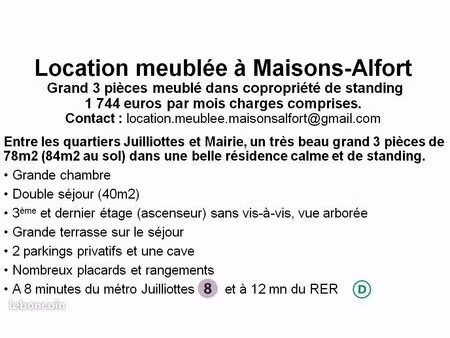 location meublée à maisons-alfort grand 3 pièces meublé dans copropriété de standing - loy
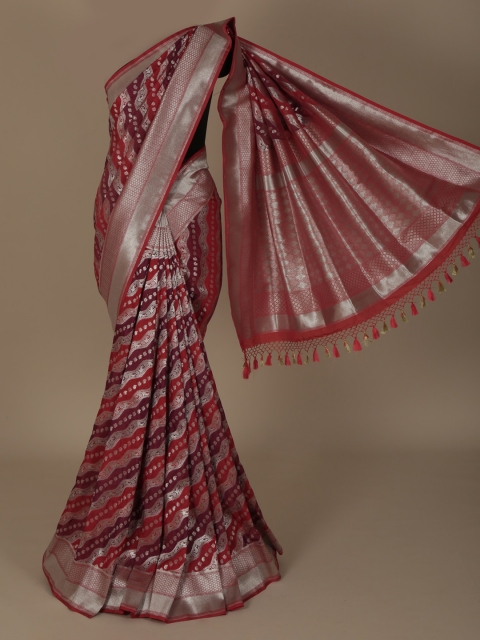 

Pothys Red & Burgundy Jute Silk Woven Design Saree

---*---

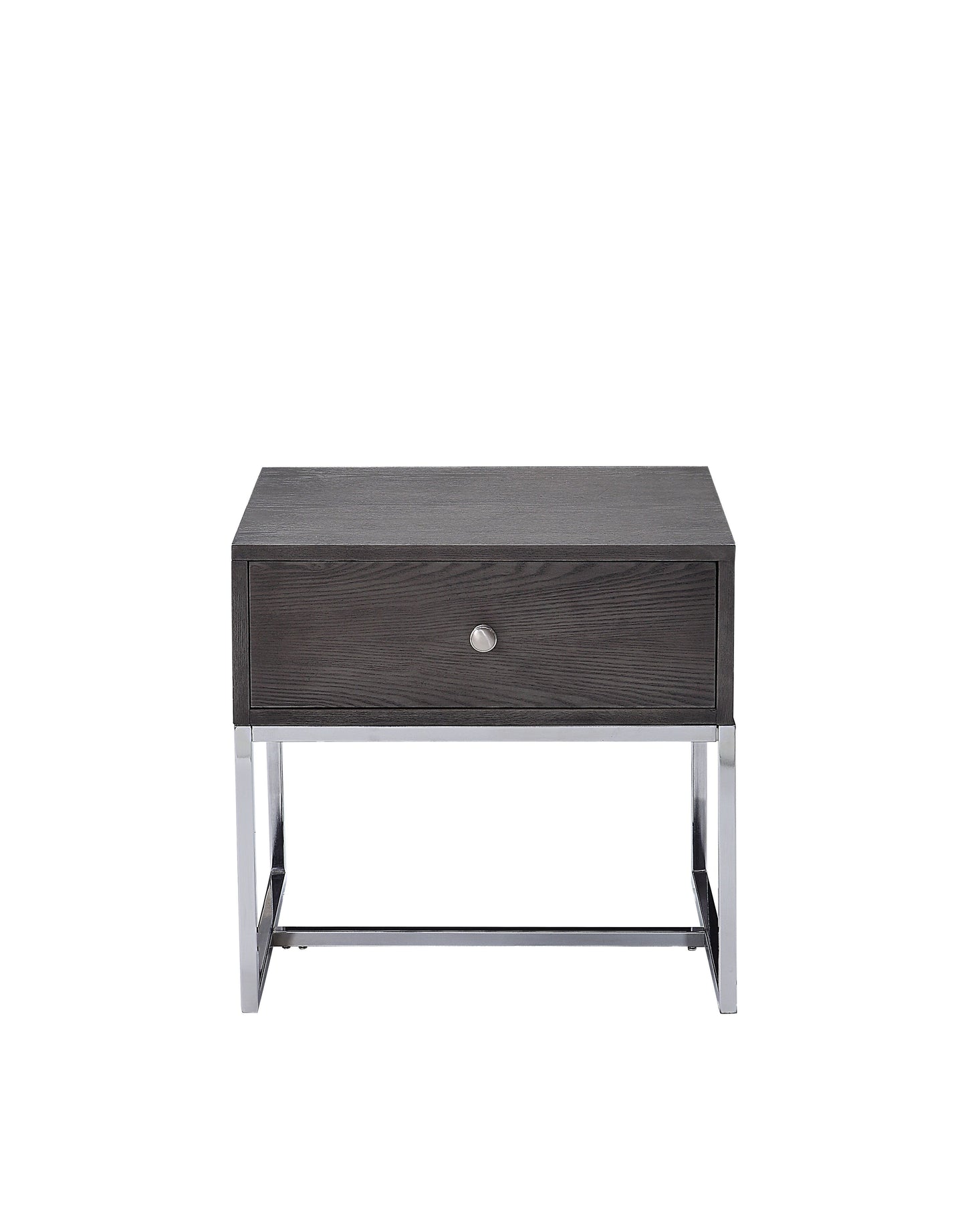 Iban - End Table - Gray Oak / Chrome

---*---

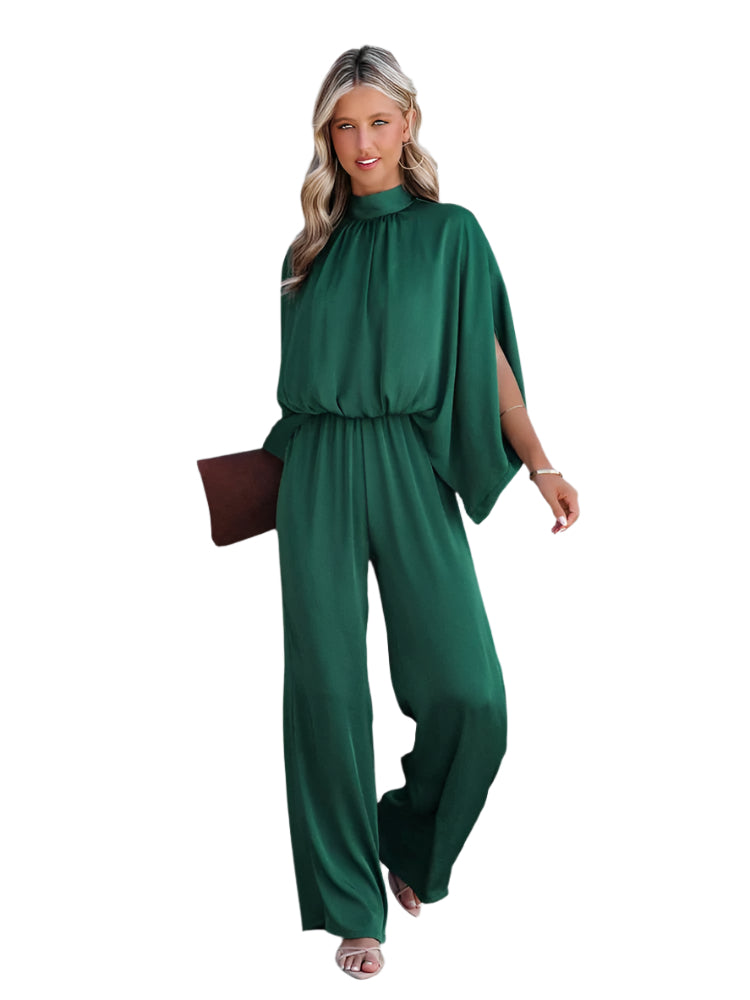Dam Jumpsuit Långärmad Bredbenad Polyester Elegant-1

---*---

→ **EXERCISE AIM**:
Both the line above containing "location meublée à" and the line containing "Pothys Red &" belong in the copy, along with every line between them; print these exactly and omit the pictures.

→ **EXERCISE ANSWER**:
 location meublée à maisons-alfort grand 3 pièces meublé dans copropriété de standing - loy

Pothys Red & Burgundy Jute Silk Woven Design Saree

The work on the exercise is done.